Núñez spoke Monday, after prosecutors announced they were starting trials for 46 political figures arrested between May and June, in the run-up to Nicaragua’s Nov. 7 presidential election.
They include seven people who had been considered potential candidates to challenge Ortega, who ran essentially unopposed and won a fourth term in the November vote, which was widely criticized as a farce. It was called illegitimate by the United States, European Union and the Organization of American States General Assembly.
Relatives have said the 39 prisoners kept in prison since being arrested have been subjected to isolation, constant interrogations and insufficient food. The seven others are under a form of house arrest.
U.S. Assistant Secretary of State Brian Nichols said in congressional testimony Thursday that Ortega’s abuse of Nicaragua’s justice system to imprison opponents in “horrific conditions” without adequate food and harsh sentences would have consequences ranging from U.S. sanctions to its possible expulsion from the OAS.
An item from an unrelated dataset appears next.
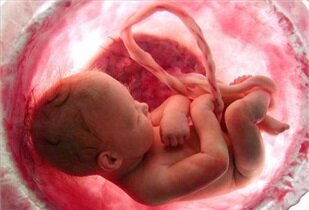 انتقال جنین آزمایشگاهی به رحم مادر با محصول “ایران‌ساخت” ممکن شد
“They are on the road to expulsion from the Organization of the American States with the direction they are going,” he said, adding that Ortega hadn’t responded to the OAS secretary general’s request for a meeting to discuss concerns about the state of democracy in the country.
The ruling Sandinista Front and its allies control Nicaragua’s congress and all government institutions. After leading the revolutionary government, Ortega served as president from 1985 to 1990, before being re-elected to power in 2007.